Exercise brief:
In the records below, the line that contains "Danelectro Baby Sitar - Red Crackle" marks the start. Copy it and each line after it through the end, exactly, without pictures.

Input data:
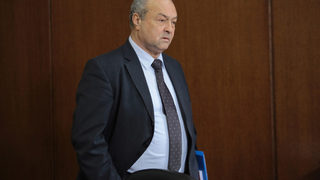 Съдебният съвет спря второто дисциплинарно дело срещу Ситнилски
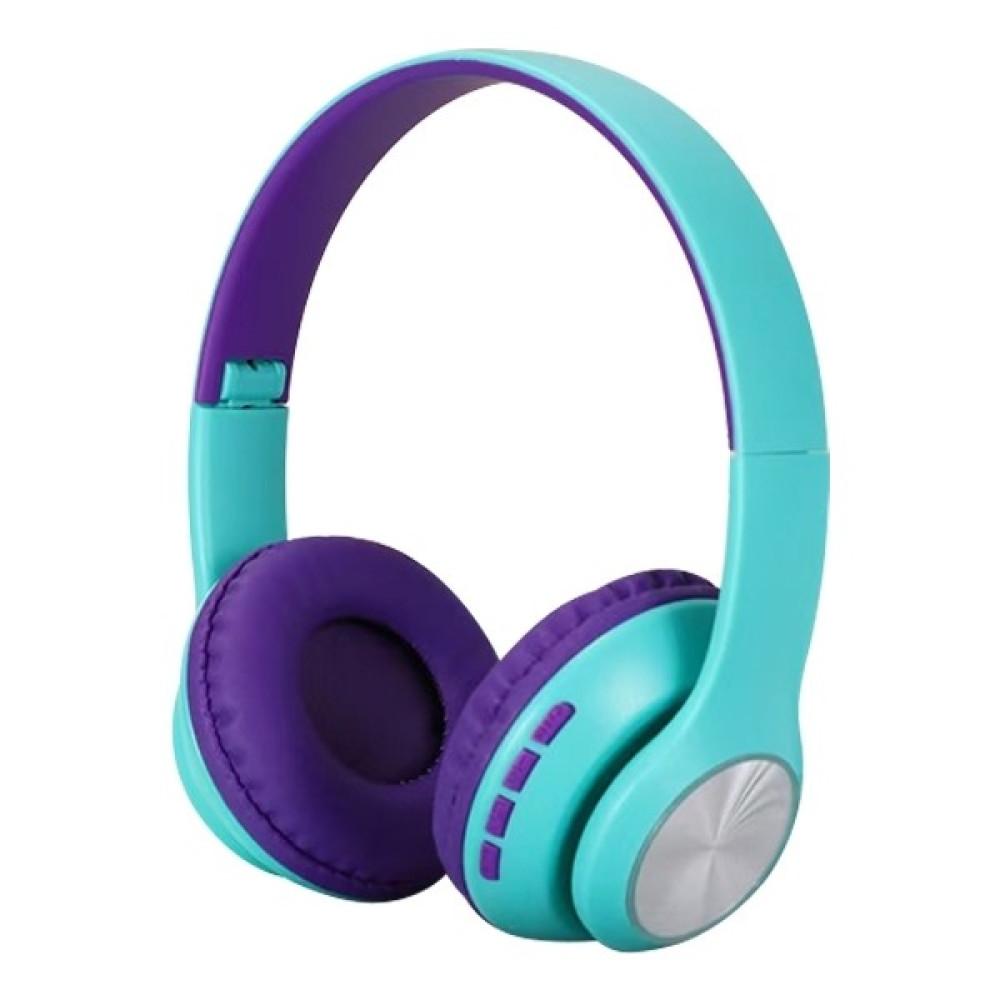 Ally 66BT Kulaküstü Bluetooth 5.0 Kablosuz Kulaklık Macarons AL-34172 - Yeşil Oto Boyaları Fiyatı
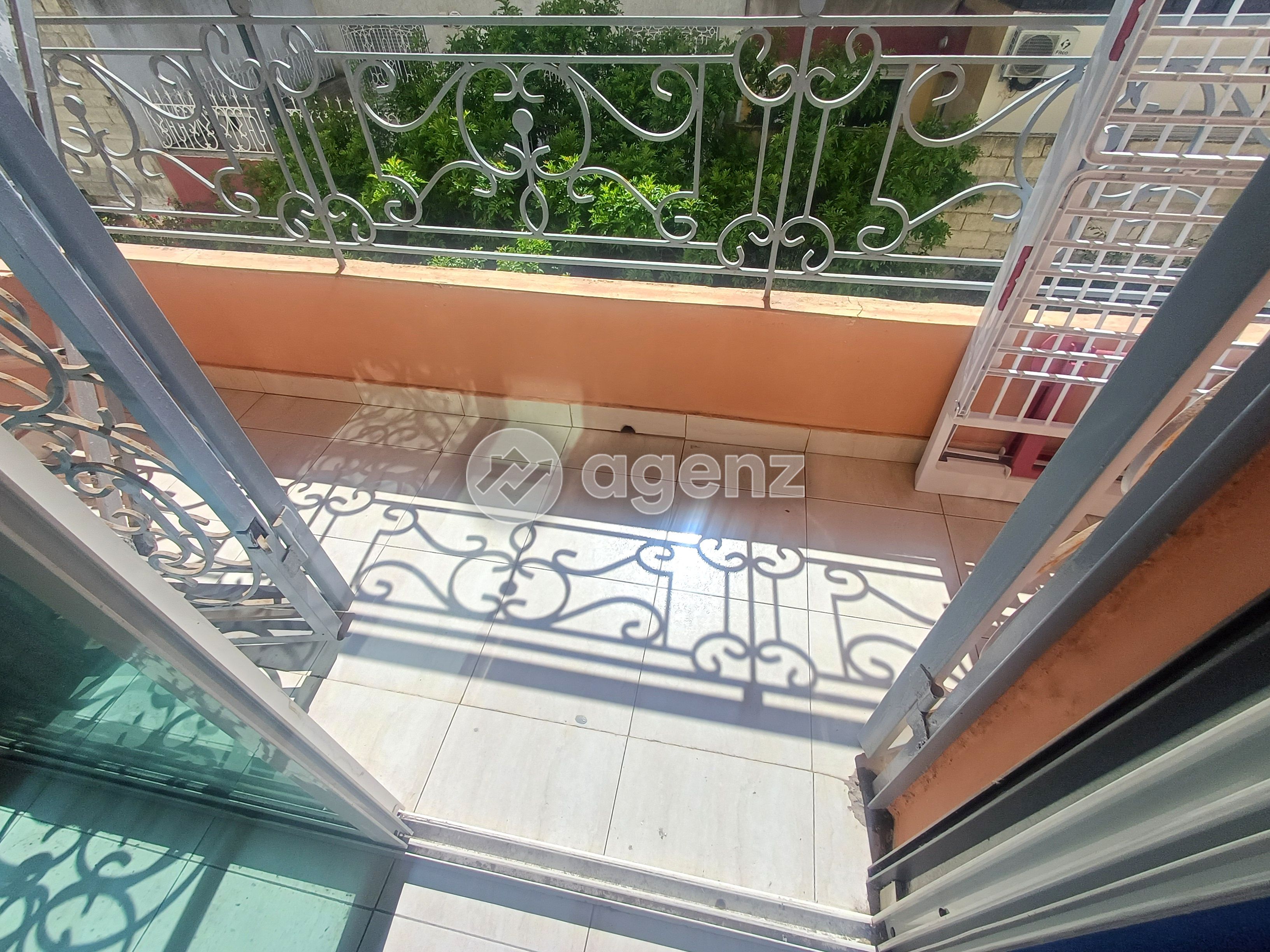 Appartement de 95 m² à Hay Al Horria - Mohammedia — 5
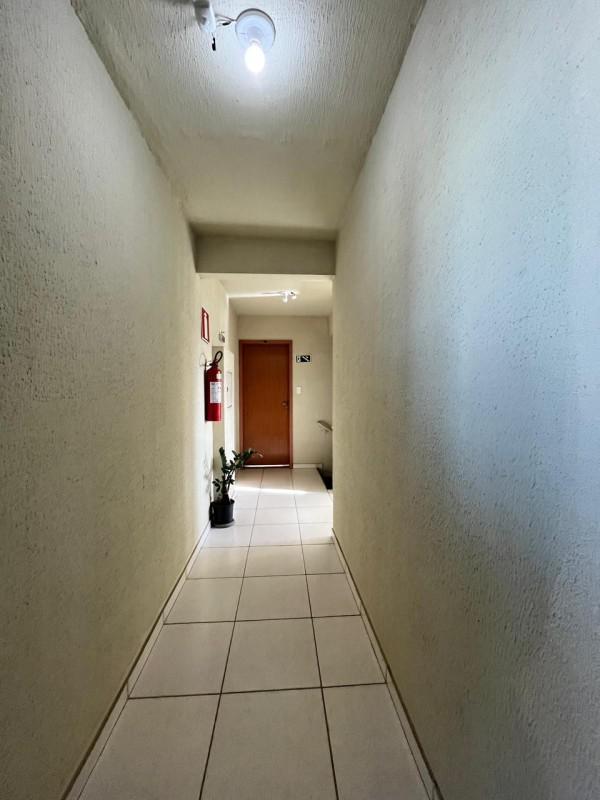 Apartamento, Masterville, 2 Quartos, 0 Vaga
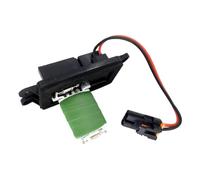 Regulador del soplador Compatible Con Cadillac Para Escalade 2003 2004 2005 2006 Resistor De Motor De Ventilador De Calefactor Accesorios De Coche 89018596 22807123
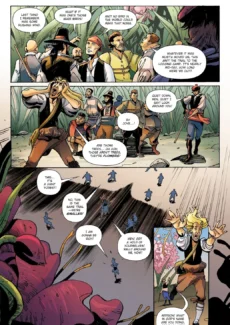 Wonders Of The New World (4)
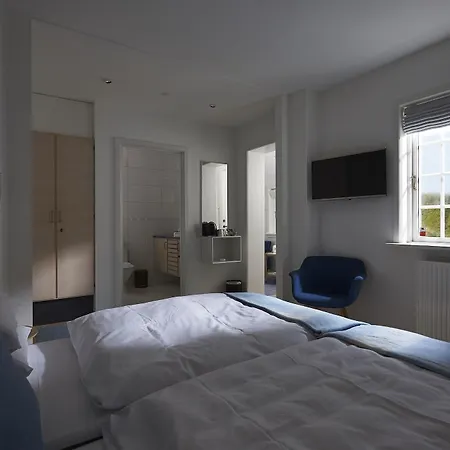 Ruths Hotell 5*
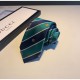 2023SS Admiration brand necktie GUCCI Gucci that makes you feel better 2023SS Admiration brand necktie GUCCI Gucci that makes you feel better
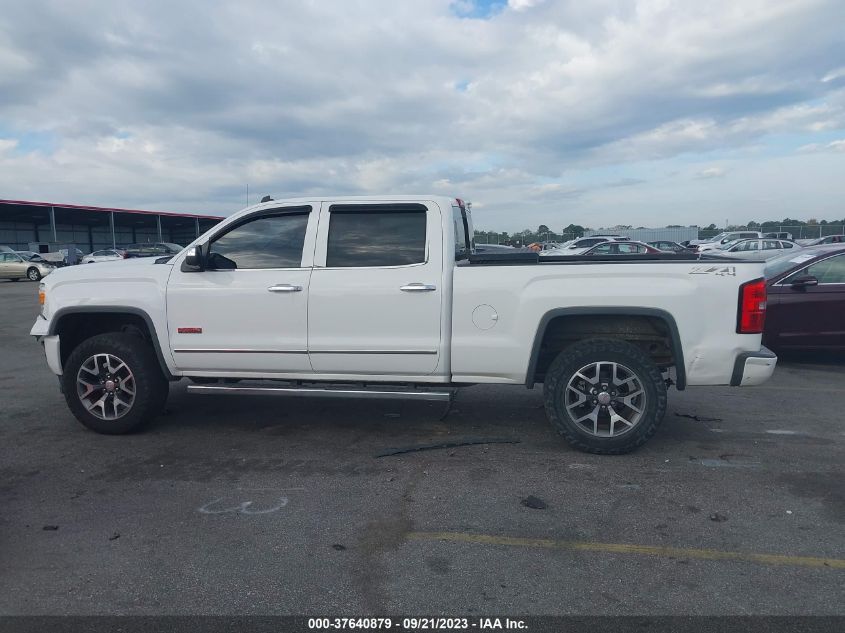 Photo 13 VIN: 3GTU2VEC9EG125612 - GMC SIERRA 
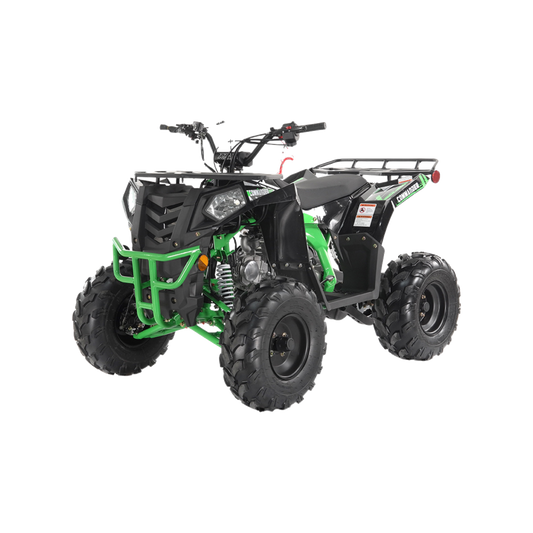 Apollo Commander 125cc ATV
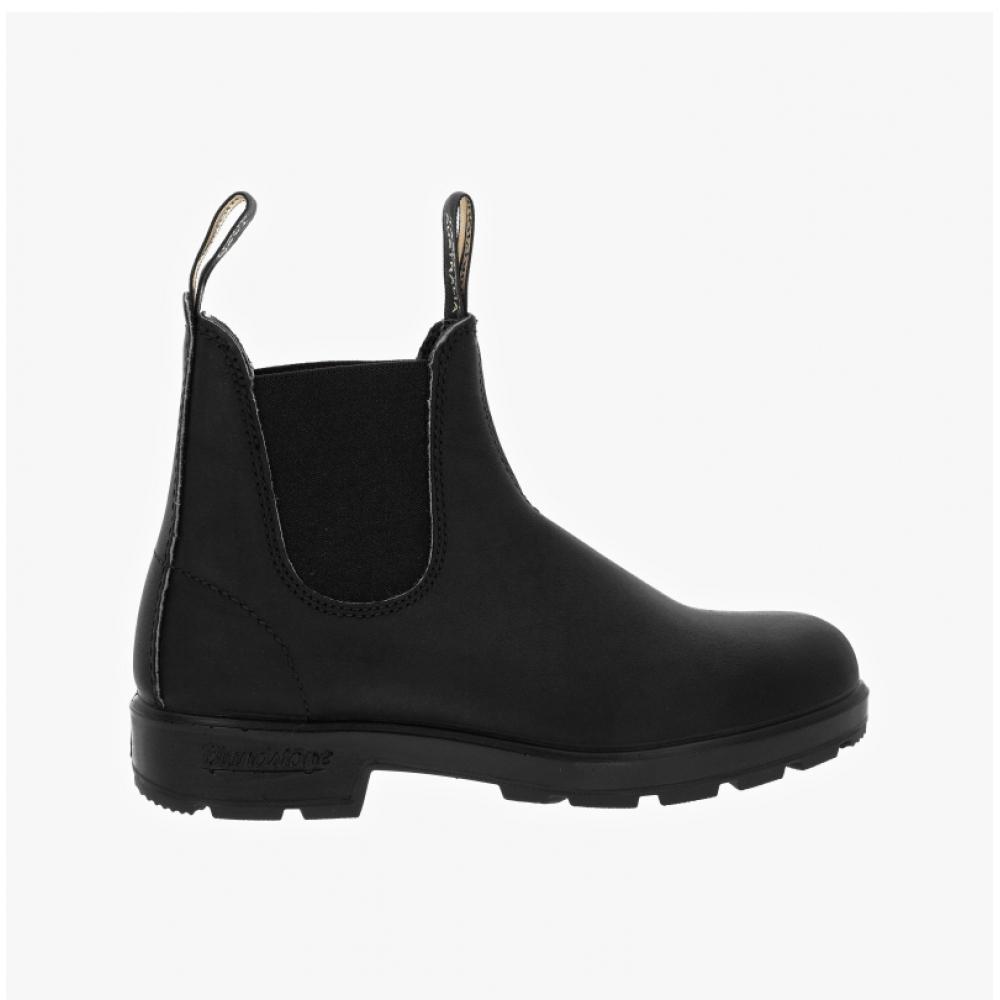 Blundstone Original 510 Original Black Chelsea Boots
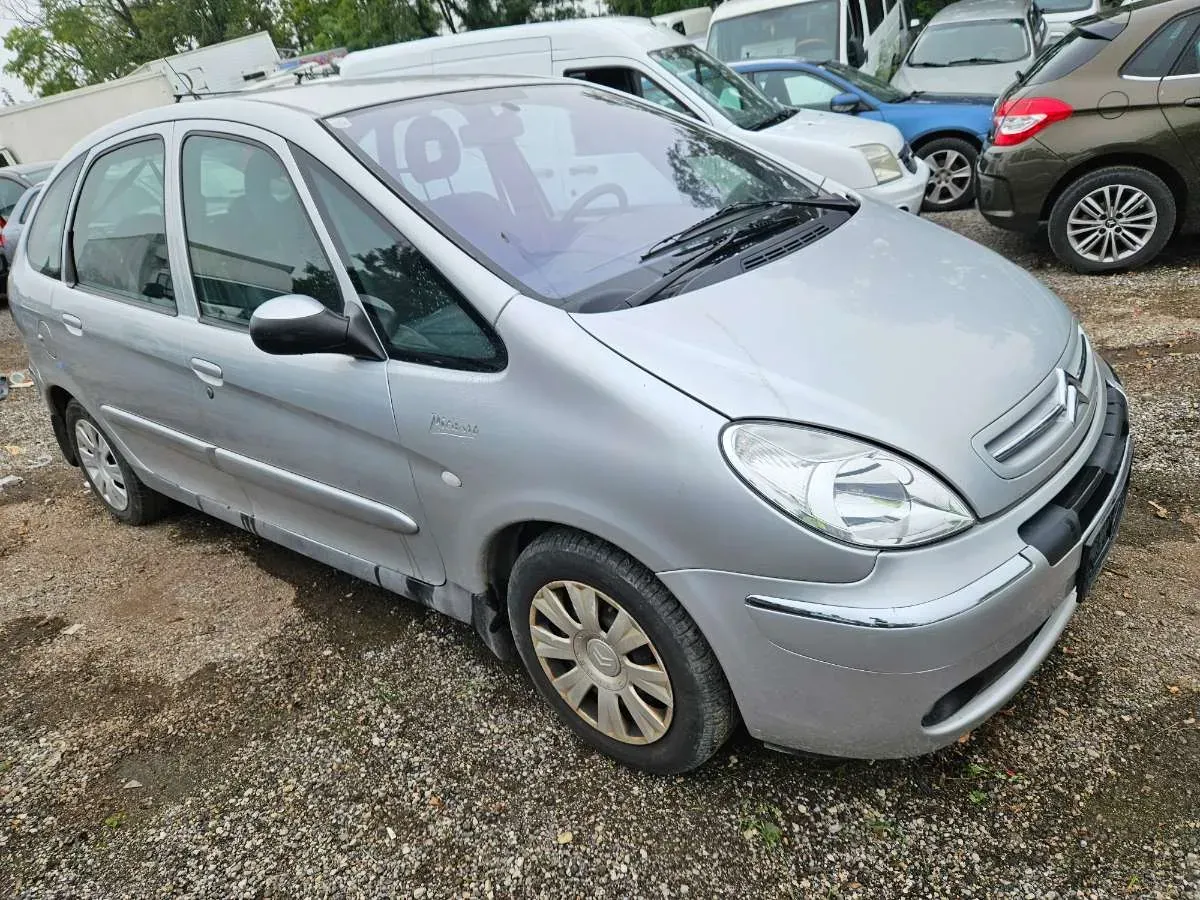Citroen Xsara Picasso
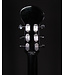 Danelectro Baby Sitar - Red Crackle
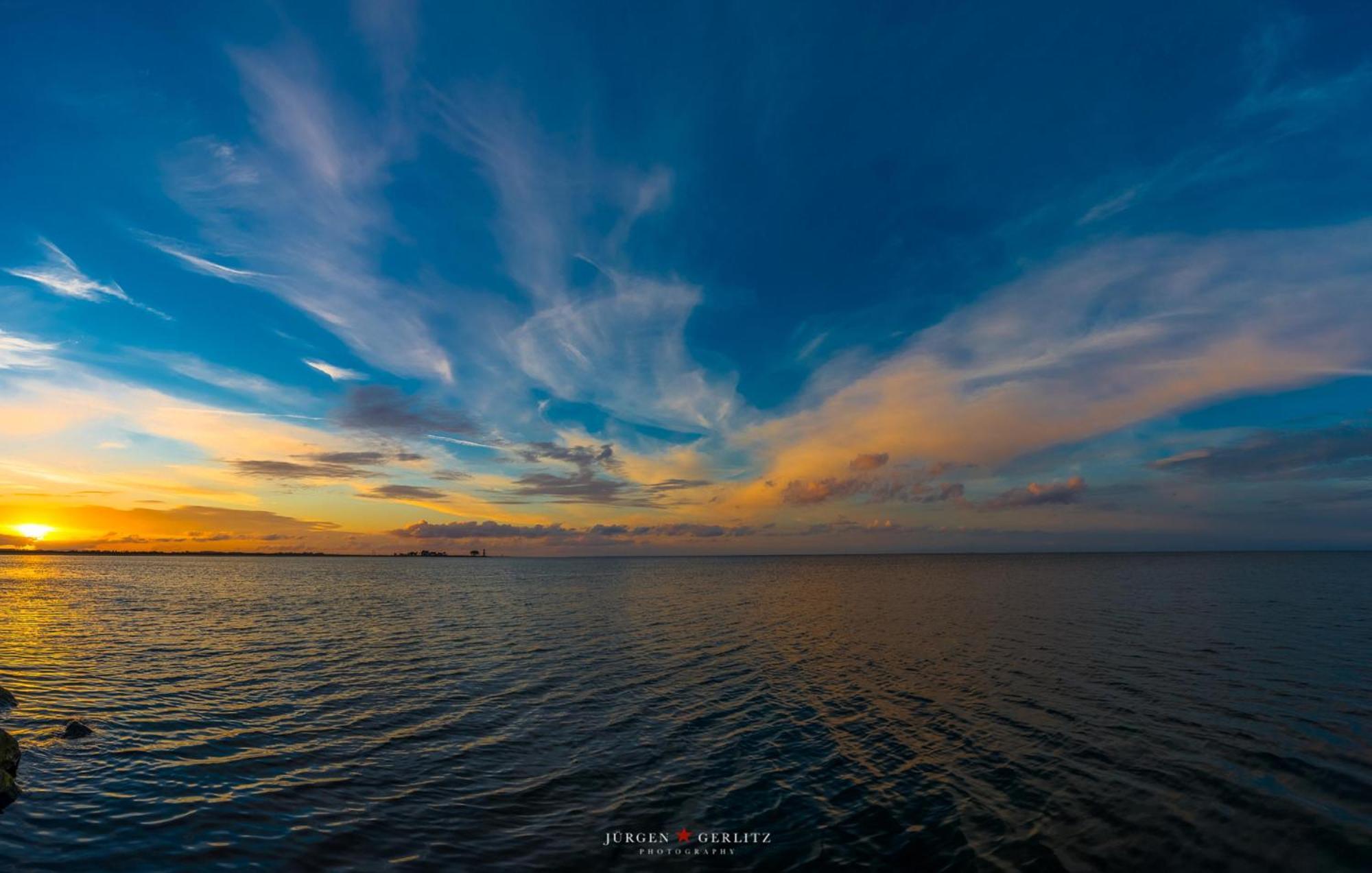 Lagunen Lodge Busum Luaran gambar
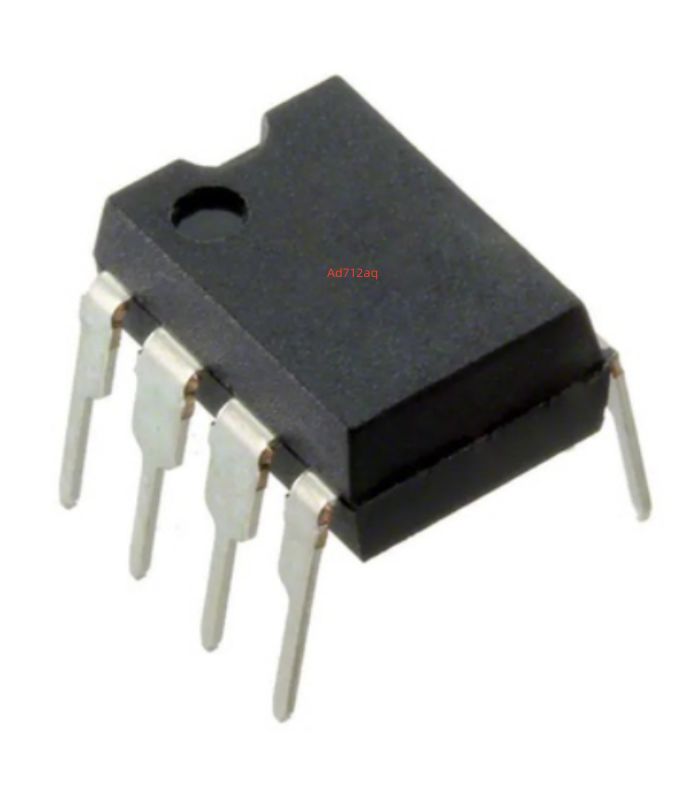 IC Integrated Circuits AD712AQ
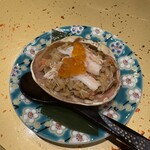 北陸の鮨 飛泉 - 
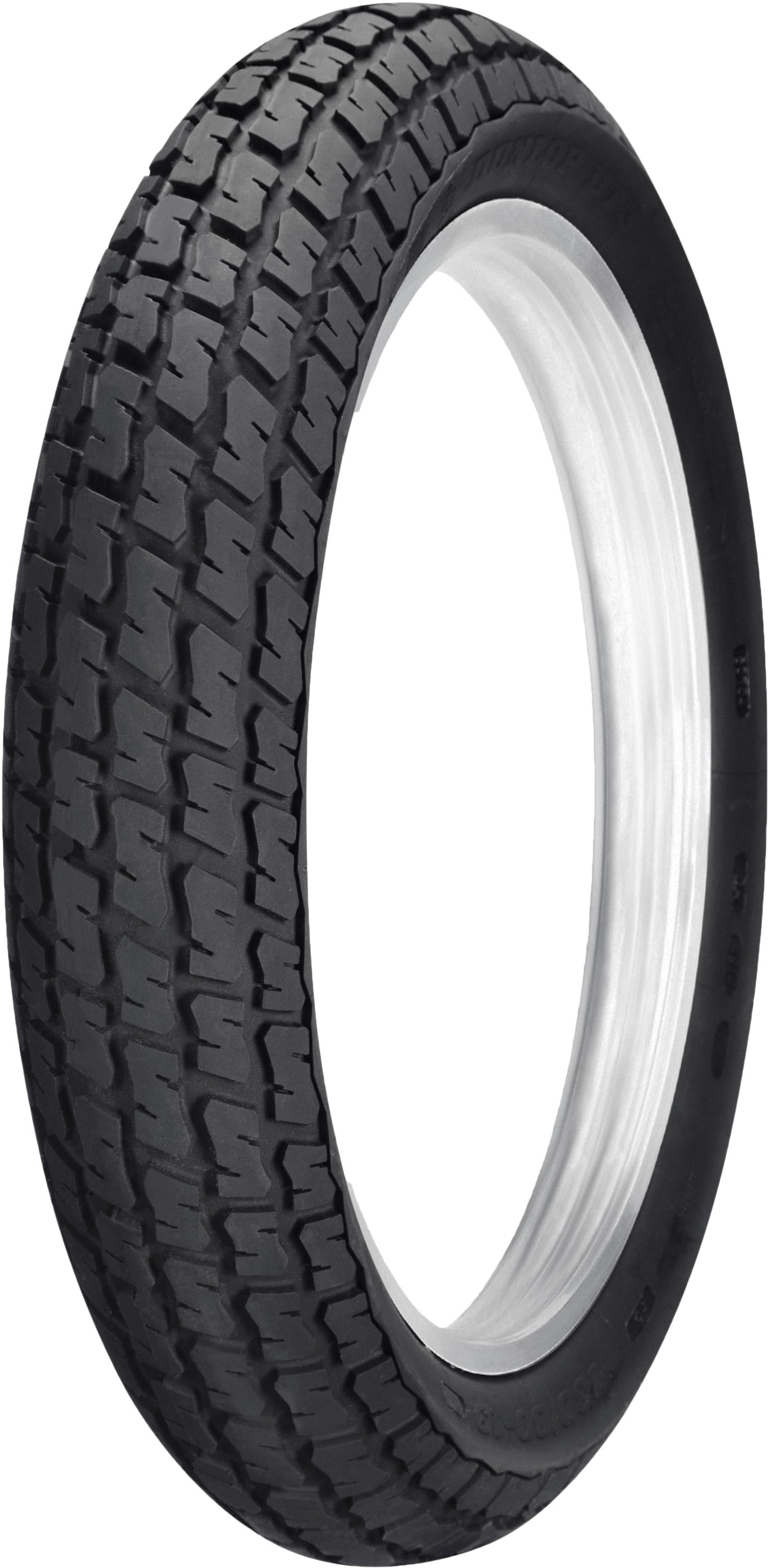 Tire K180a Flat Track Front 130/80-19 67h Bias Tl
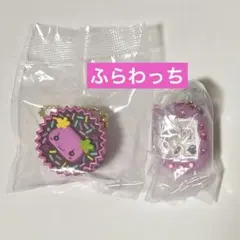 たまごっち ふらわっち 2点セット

Solution to the exercise:
 Danelectro Baby Sitar - Red Crackle
 Lagunen Lodge Busum Luaran gambar
 IC Integrated Circuits AD712AQ
 北陸の鮨 飛泉 - 
 Tire K180a Flat Track Front 130/80-19 67h Bias Tl
 たまごっち ふらわっち 2点セット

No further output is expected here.